◆ **What is being asked**
Starting at the first line of the data, print every line up to and including the one with "Hello guys, so", but no pictures.

◆ **Input data**
####
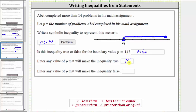15 makes the inequality true because 15 is greater than 14. Enter any value of P that will make the inequality false. The inequality is false when P is not greater than 14, which means P would need to be less than or equal to 14. Let's just say 13. The inequality is false when P is 13 because 13 is not greater than 14. I hope you found this helpful.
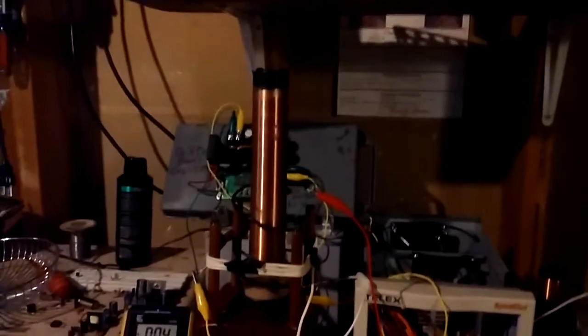Hello guys, so today what I've got going here is I've got two slayer exciter circuits side by side.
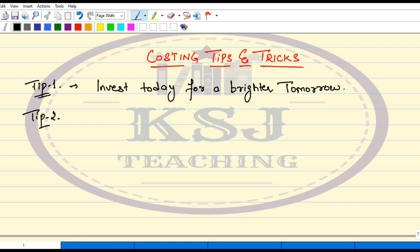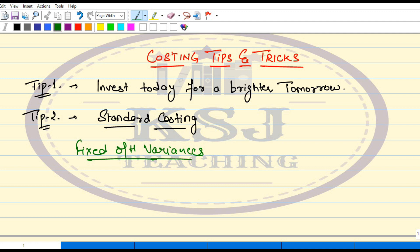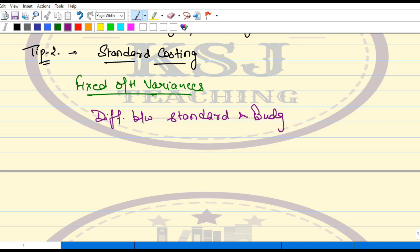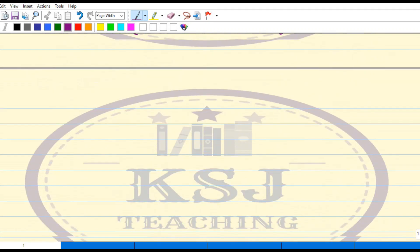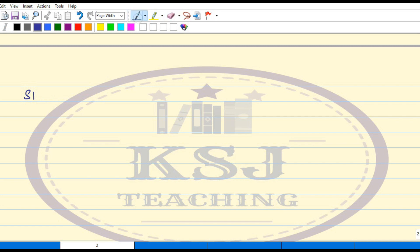The second tip is a subject-related tip on standard costing. Today let's talk about standard costing and variance analysis. One very common query related to this is about fixed overhead variances. The query is: what is the difference between standard and budgeted? I'll explain in simple words by preparing a table. The first thing we take is standard hours for actual output.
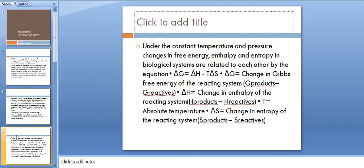Under constant temperature and pressure, changes in free energy, enthalpy, and entropy in biological systems are related by the equation: Delta G equals Delta H minus T times Delta S, where T is the absolute temperature, Delta G is the change in Gibbs free energy, and Delta S is the change in entropy of the reacting system (S products minus S reactants).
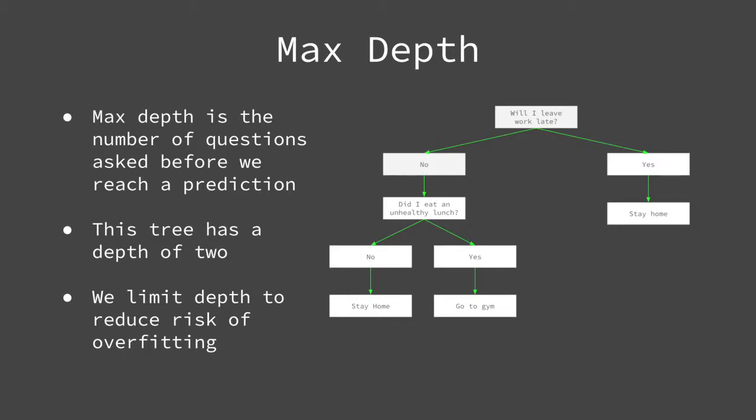The reason very deep trees are prone to overfitting is because with each question, we become more and more specific. This increased specificity means we have fewer and fewer training examples that meet the previous assumptions.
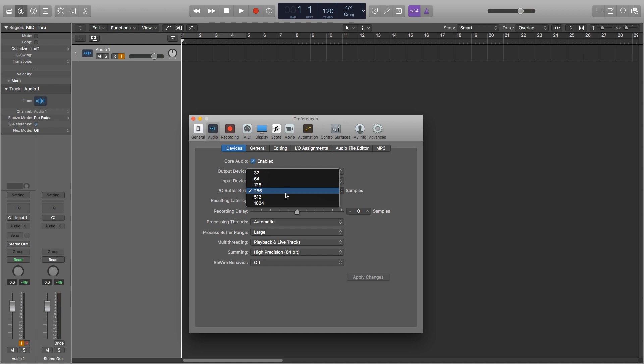In order for Logic or any DAW to function on a high buffer rate you'll need a good processor. 256 is considered the average and it's easy to work with for both processing and recording.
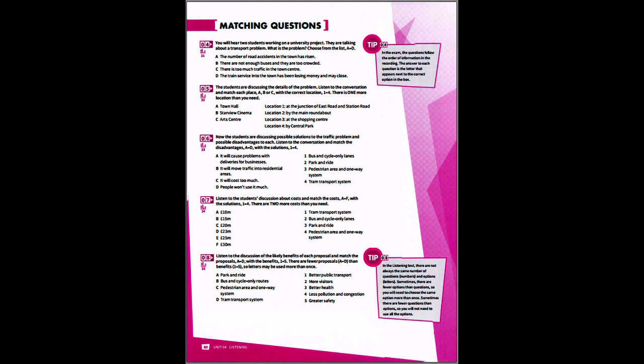So, we've discussed the negative aspects and costs of these proposals, but now I'd like to look at the real benefits which we think each proposal will bring. Well, I really think that one of the most important benefits is better public transport. The most important thing is to get more people out of their cars and onto public transport. Well, three of the proposals would help with that – park and ride, bus and cycle only routes, and the new tram system. Which do you think would be the best out of those three?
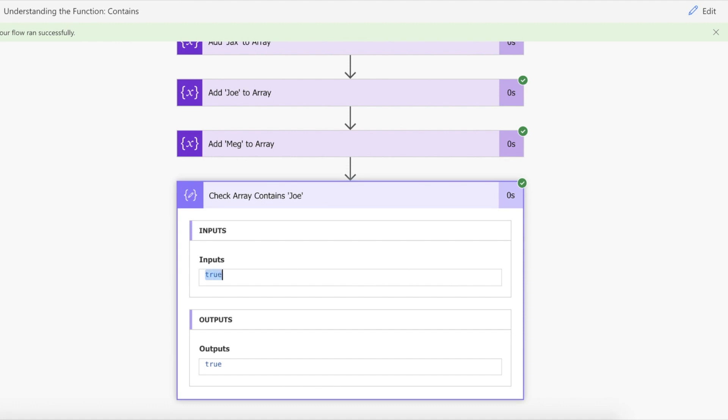We know that Joe does exist and then you can cycle through an immense amount of data to see if something actually exists within an array.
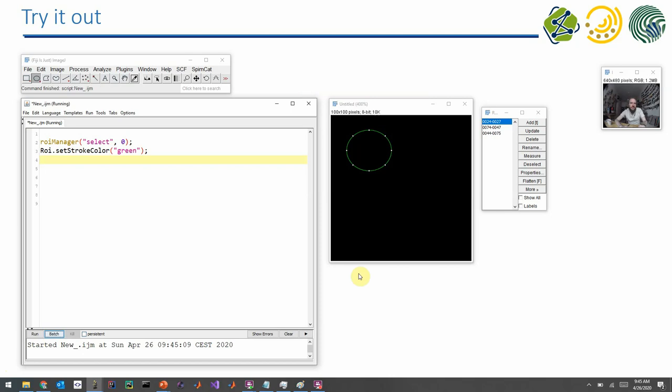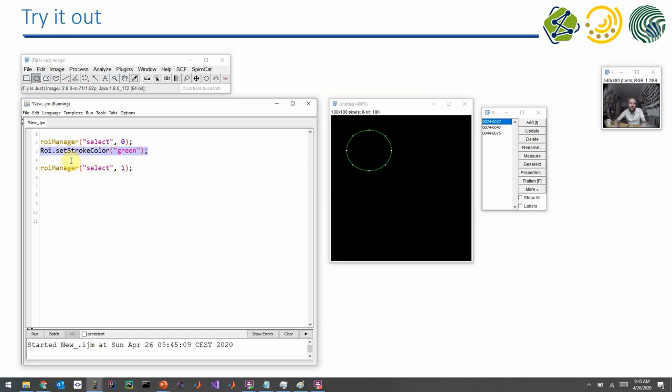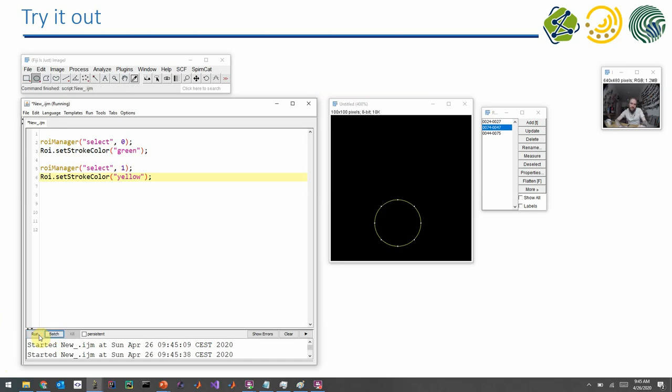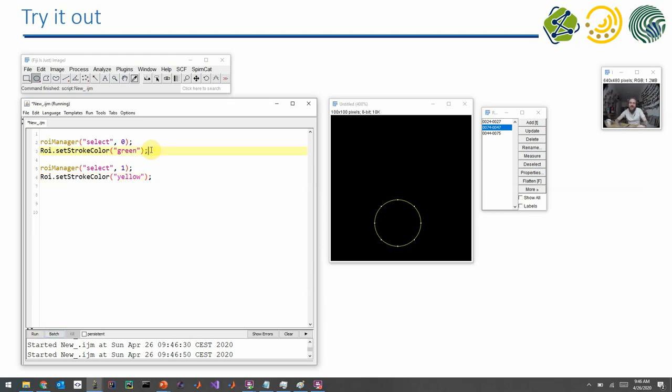Now I will make the second one, second one index one, and I will make it yellow. And here we now only see the second one. Because in this coding way, when you would change properties of ROIs and you want to select them individually and do something with them, you can only select them individually. So you cannot have them all visible at a time.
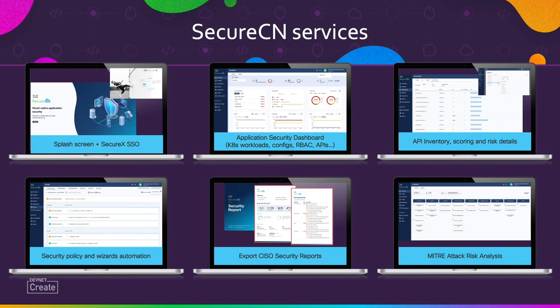SecureCN services include: integration with SecureX SSO so you can sign on through a single sign-on service; application security dashboards with Kubernetes workloads, configuration issues, role-based access controls, and APIs used inside your application; an inventory of internal and external APIs with scoring and associated risks; wizards for policy enablement and descriptions for managing application security. Finally, to aid the CISO, we have mechanisms to generate CISO security reports and support an outcome-based security solution through the MITRE ATT&CK risk analysis tool.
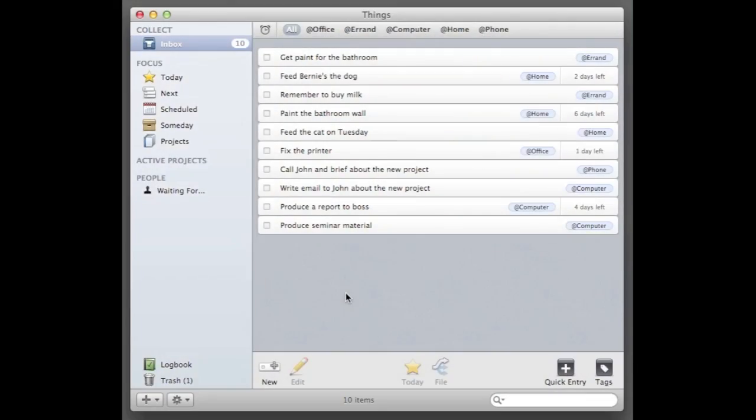So what I have here is a bunch of tasks that I'm going to organize now. I have already divided them into contexts and I have some deadlines given to them.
####
◆ **Task output**
15 makes the inequality true because 15 is greater than 14. Enter any value of P that will make the inequality false. The inequality is false when P is not greater than 14, which means P would need to be less than or equal to 14. Let's just say 13. The inequality is false when P is 13 because 13 is not greater than 14. I hope you found this helpful.
Hello guys, so today what I've got going here is I've got two slayer exciter circuits side by side.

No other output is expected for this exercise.